#### [WHAT TO DO]
Give back, exactly as written, the lines from the first line of the data below through the line with "Fototapeta na wymiar", and omit the pictures.

________

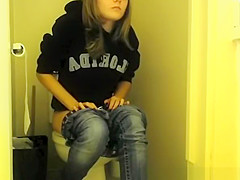 Girl in glasses pees in bathroom toilet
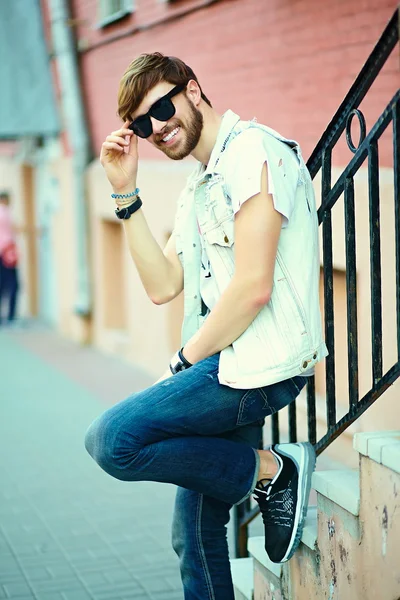 Engraçado sorrindo hipster homem bonito cara em pano elegante na rua em óculos de sol — Fotografia de Stock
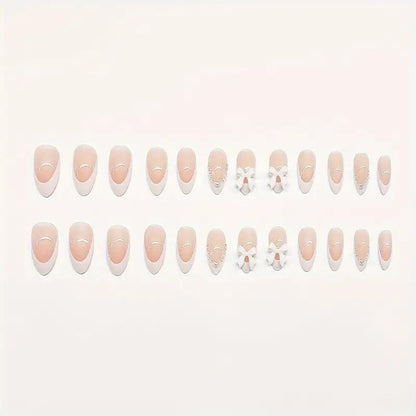 Artistic Press-On Nail Design with Bow Accents Acalora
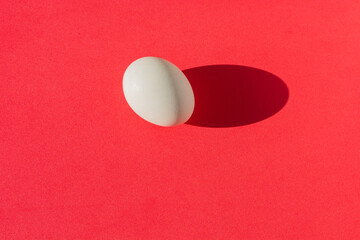Fototapeta na wymiar White egg on a red background. There is a clear shadow. Template, graphic resource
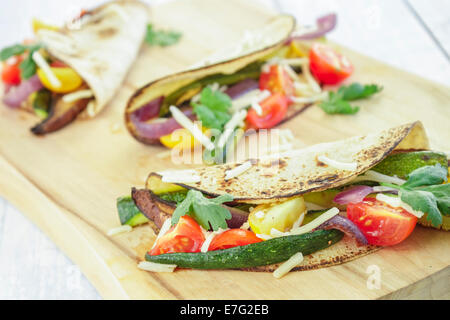 Tacos filled with roasted portobello mushrooms, zucchini, purple onions, with cherry tomatoes, cilantro and cheese Stock Photo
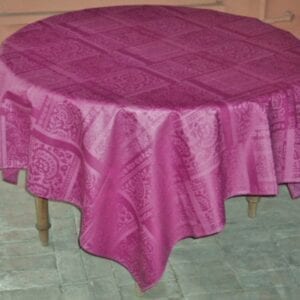 A dark pink table cloth with patterns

________

#### [RESPONSE BOX]
 Girl in glasses pees in bathroom toilet
 Engraçado sorrindo hipster homem bonito cara em pano elegante na rua em óculos de sol — Fotografia de Stock
 Artistic Press-On Nail Design with Bow Accents Acalora
Fototapeta na wymiar White egg on a red background. There is a clear shadow. Template, graphic resource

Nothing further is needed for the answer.